The Superior Person nourishes and instructs the people, building a loyal, disciplined following.
No mistakes if you follow a course led by experience.
You must gain support from others.
Find a way to make others want to see your objectives met as badly as you want it.
How can they profit from the attainment of this goal?
Can you command confidence that you are just the person that can bring this plan to fruition?
THIS HEXAGRAM is made up of the trigrams K’an, water, and K’un, earth, and thus it symbolises the ground water stored up in the earth. In the same way military strength is stored up in the mass of the people – invisible in times of peace but always ready for use as a source of power. The attributes of the two trigrams are danger inside and obedience outside.
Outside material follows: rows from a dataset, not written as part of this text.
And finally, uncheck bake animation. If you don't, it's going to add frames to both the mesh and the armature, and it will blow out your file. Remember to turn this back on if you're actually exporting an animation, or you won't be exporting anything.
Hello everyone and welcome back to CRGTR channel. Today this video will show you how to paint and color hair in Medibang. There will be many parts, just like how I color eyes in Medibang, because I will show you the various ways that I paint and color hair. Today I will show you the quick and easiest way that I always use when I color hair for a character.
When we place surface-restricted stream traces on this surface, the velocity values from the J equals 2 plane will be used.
This points to the nature of an army, which at the core is dangerous, while discipline and obedience must prevail outside.
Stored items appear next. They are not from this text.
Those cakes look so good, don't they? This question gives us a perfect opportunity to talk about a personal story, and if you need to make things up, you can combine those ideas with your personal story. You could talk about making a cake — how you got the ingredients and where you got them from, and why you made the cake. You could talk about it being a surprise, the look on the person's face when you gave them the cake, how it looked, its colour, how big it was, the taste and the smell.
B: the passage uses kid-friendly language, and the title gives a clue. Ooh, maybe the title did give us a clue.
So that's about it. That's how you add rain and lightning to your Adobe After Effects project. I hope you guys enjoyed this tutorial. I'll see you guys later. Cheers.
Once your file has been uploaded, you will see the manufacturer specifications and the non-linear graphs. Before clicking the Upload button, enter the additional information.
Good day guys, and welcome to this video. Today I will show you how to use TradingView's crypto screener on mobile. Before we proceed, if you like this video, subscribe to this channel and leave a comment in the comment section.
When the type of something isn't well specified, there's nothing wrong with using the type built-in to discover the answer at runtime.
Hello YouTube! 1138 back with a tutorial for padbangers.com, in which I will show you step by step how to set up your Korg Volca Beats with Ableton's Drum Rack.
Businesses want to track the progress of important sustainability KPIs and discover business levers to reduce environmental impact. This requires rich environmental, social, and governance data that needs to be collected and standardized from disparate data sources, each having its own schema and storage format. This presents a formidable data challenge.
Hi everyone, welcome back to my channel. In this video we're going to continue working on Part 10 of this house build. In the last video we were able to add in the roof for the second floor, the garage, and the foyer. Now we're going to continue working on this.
Of the individual lines, the one that controls the hexagram is the strong nine in the second place, to which the other lines, all yielding, are subordinate. This line indicates a commander, because it stands in the middle of one of the two trigrams. But since it is in the lower rather than the upper trigram, it represents not the ruler but the efficient general, who maintains obedience in the army by his authority.
The army. The army needs perseverance
And a strong man.
Good fortune without blame.
AN ARMY is a mass that needs organization in order to become a fighting force.
Without strict discipline nothing can be accomplished, but this discipline must not be achieved by force. It requires a strong man who captures the hearts of the people and awakens their enthusiasm. In order that he may develop his abilities he needs the complete confidence of his ruler, who must entrust him with full responsibility as long as the war lasts. But war is always a dangerous thing and brings with it destruction and devastation. Therefore it should not be resorted to rashly but, like a poisonous drug, should be used as a last recourse.
The justifying cause of a war, and clear and intelligible war aims, ought to be explained to the people by an experienced leader. Unless there is a quite definite war aim to which the people can consciously pledge themselves, the unity and strength of conviction that lead to victory will not be forthcoming. But the leader must also look to it that the passion of war and the delirium of victory do not give rise to unjust acts that will not meet with general approval. If justice and perseverance are the basis of action, all goes well.